Failed to allocate network resources

5.8k Views Asked by At

Docker-CE 19.03.8 Swarm init Setup: 1 Manager Node nothing more.

We deploy many new stacks per day and sometime i see the following line:

evel=error msg="Failed to allocate network resources for node sdlk0t6pyfb7lxa2ie3w7fdzr" error="could not find network allocator state for network qnkxurc5etd2xrkb53ry0fu59" module=node node.id=yp0u6n9c31yh3xyekondzr4jc

After 2 to 3 days. No new services can be started because there are no free VIPs. I see the following line in my logs:

level=error msg="Could not parse VIP address  while releasing"                                                                                                                                       
level=error msg="error deallocating vip" error="invalid CIDR address: " vip.addr= vip.network=oqcsj99taftdu3b0t3nrgbgy1                                                                              
level=error msg="Event api.EventUpdateTask: Failed to get service idid0u7vjuxf2itpv8n31da57 for task 6vnc8jdkgxwxqbs3ixly2i6u4 state NEW: could not find service idid0u7vjuxf2itpv8n31da57" module=node ...
level=error msg="Event api.EventUpdateTask: Failed to get service sbjb7nk0wk31c2ayg8x898fhr for task noo21whnbwkyijnqavseirfg0 state NEW: could not find service sbjb7nk0wk31c2ayg8x898fhr" module=node ...
level=error msg="Failed to find network y73pnq85mjpn1pon38pdbtaw2 on node sdlk0t6pyfb7lxa2ie3w7fdzr" module=node node.id=yp0u6n9c31yh3xyekondzr4jc 

We tried to investigate this by using the debug mode.
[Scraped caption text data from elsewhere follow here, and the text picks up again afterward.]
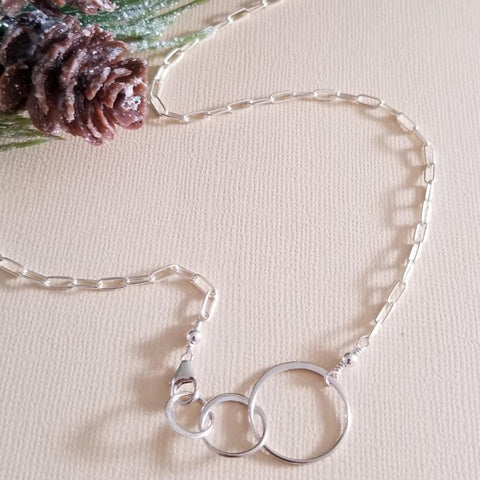 Modern Sterling Silver Three Circles Necklace, Paperclip Chain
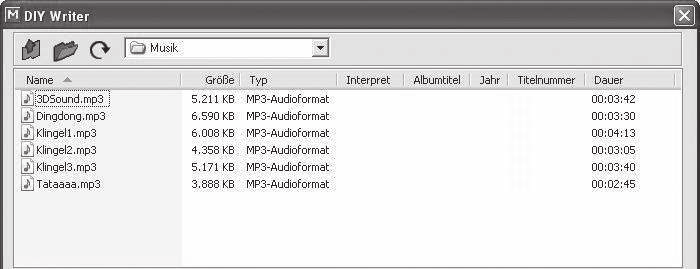 MP3-Dateien auf die Türklingel übertragen Das Programm DIY Writer ermöglicht Ihnen, komfortabel MP3- und WAV-Dateien auf den internen Speicher der Türklingel zu kopieren.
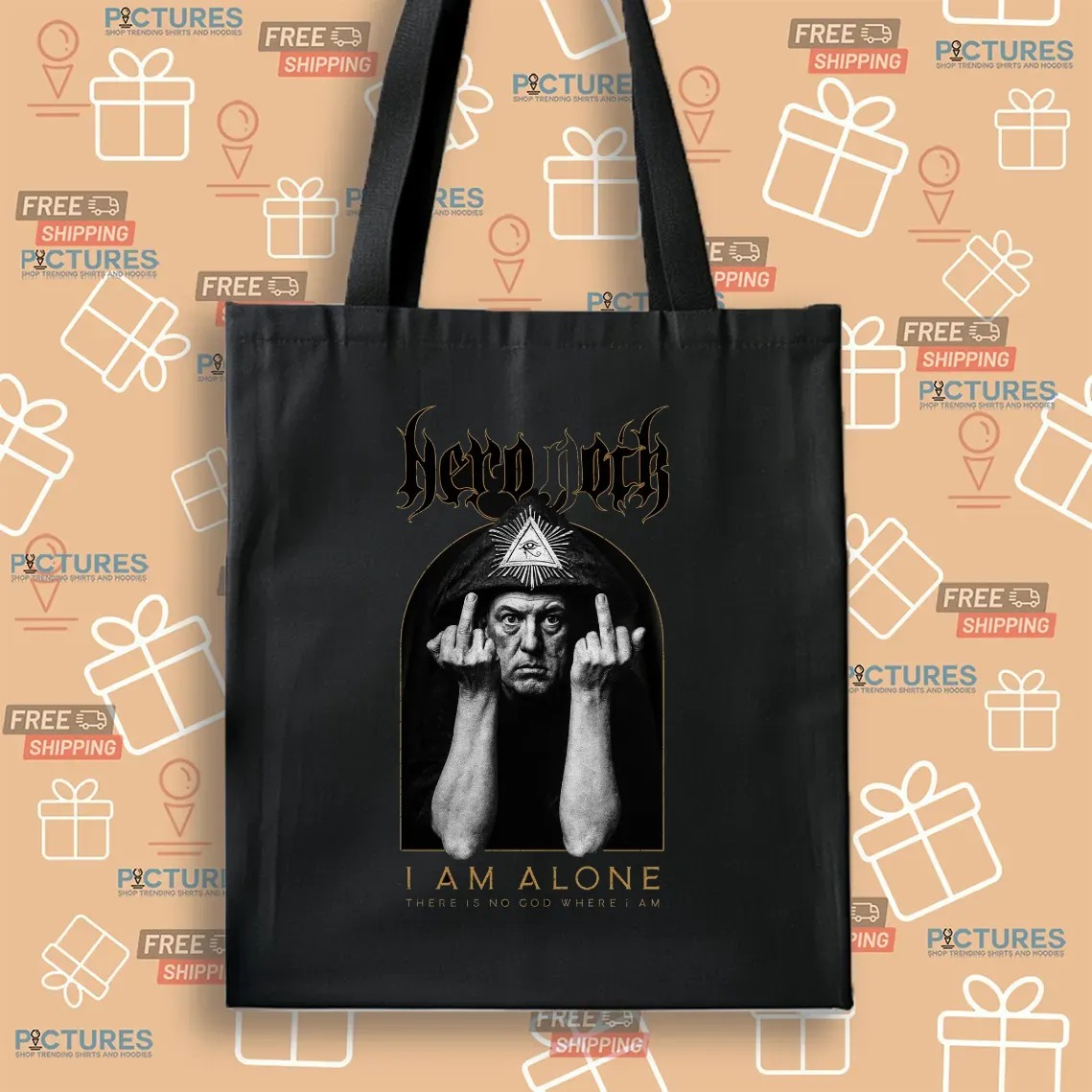 NeroNoir I Am Alone There Is No God Where I Am Middle Finger T Shirt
Here are some lines that get to me:

level=debug msg="Remove interface veth84e7185 failed: Link not found"
level=debug msg="Remove interface veth64c3a65 failed: Link not found"
level=debug msg="Remove interface vethf1703f1 failed: Link not found"
level=debug msg="Remove interface vethe069254 failed: Link not found"
level=debug msg="Remove interface veth2b81763 failed: Link not found"
level=debug msg="Remove interface veth0bf3390 failed: Link not found"
level=debug msg="Remove interface veth2ed04cc failed: Link not found"
level=debug msg="Remove interface veth0bc27ef failed: Link not found"
level=debug msg="Remove interface veth444343f failed: Link not found"
level=debug msg="Remove interface veth036acf9 failed: Link not found"
level=debug msg="Remove interface veth62d7977 failed: Link not found"

and

level=debug msg="Request address PoolID:10.0.0.0/24 App: ipam/default/data, ID: GlobalDefault/10.0.0.0/24, DBIndex: 0x0, Bits: 256, Unselected: 60, Sequence: (0xf7dfeeee, 1)->(0xedddddb7, 1)->(0x77777777, 3)->(0x77777775, 1)->(0x77ffffff, 1)->(0xffd55555, 1)->end Curr:233 Serial:true PrefAddress:<

When the UNSELECTED part goes to 0 no new containers can be deployed. They are stuck in the NEW state.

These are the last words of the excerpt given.